872. Robert Southey to Charles Danvers, 23 December 1803

872. Robert Southey to Charles Danvers, 23 December 1803 *
Dear Danvers
I began to wonder at your silence – or rather in truth to feel very uneasy, considering your last account of your health.
First & foremost I have to tell you that what you have been wishing to take place is likely to come to pass by the latter end of spring. [1] I have so little internally subdued the last loss that this is not as yet any matter of joy to me. I rather look on with a sort of cowardice – but all will come in xxx good time. my optimism is of a practical character – if we knew as much of the moral world as we do of the physical I believe we should find it as wisely & unerringly directed. secondly I wish you to give George Fricker five guineas for me. poor fellow I wish it were in my power to serve him essentially – if he had but the head of my brothers – or they had his good disposition, which God knows is worth ten times more – what a happy mixture it would be!
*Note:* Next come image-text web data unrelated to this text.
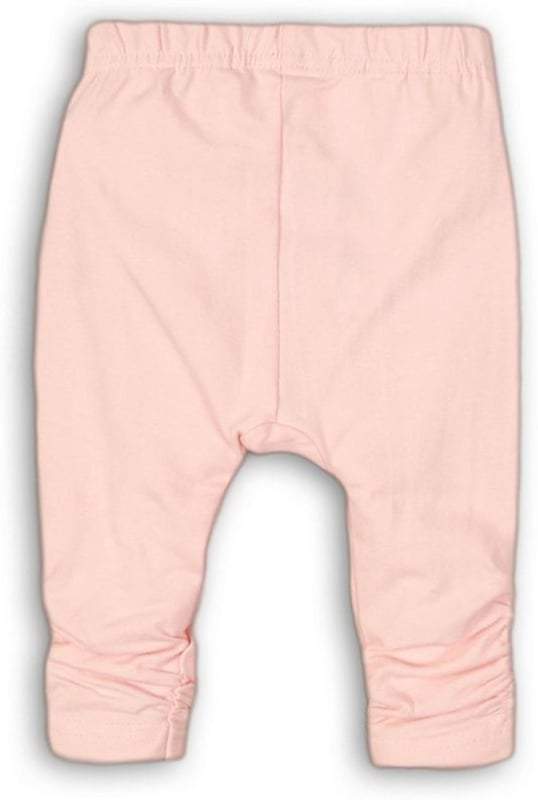 Dirkje-Baby Girls legging- Light pink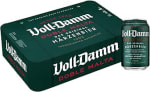 48 Latas Voll-Damm Cerveza Doble Malta 330 ml por 29,67€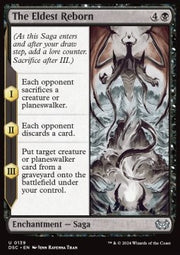 The Eldest Reborn - Commander: Duskmourn: House of Horror (Uncommon) [DSC-139]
Whether or not I told you the whole history of Edward I cannot remember – that he drew on me two drafts – one for three pounds – the other for 5 – 13 – & inclosed me a taylors bill for 11 – 16 – 3½. before my Gentleman received the news that I should pay neither the one nor the other he writes to inform me, in answer to my letter about his going to sea again – that his Aunt had sold all his uniforms to a travelling Jew. of course I could then do nothing but tell him that he & she might settle their matters as they pleased, & so I have done with him. In his last letter he let the cat out of the bag, showing that he was still in correspondence with his Aunt. I have copied his letters & sent them to my Uncle that he may see that infamous womans conduct. I wish she knew that since she took the boy from the Brig, [2] it has been so successful that his share of prize money, sharing only as a foremast man would have exceeded three hundred pounds, more money than Tom has made in ten years service. Tom tells me this. I wish she knew it because in all probability she would have fingered the money. – Tom is now first Lieutenant – & I am sorry to add – going out with convoy to the West Indies.
You will be glad to hear that I am in excellent good health, never better. Coleridge is set off for Devonshire – not Madeira, deterred by the dread of expences beyond his means & resolved to work for a supply by next autumn. I miss him – but still worse do I miss my poor dear books, & the booksellers shops. Can you not look in at Codys [3] for me sometimes & see what Voyages & Travels he has – & so enable me to make purchases by letter. My second batch of reviewing is gone off & a third arrived just as it went, so that my hands are again full. but I shall soon have done.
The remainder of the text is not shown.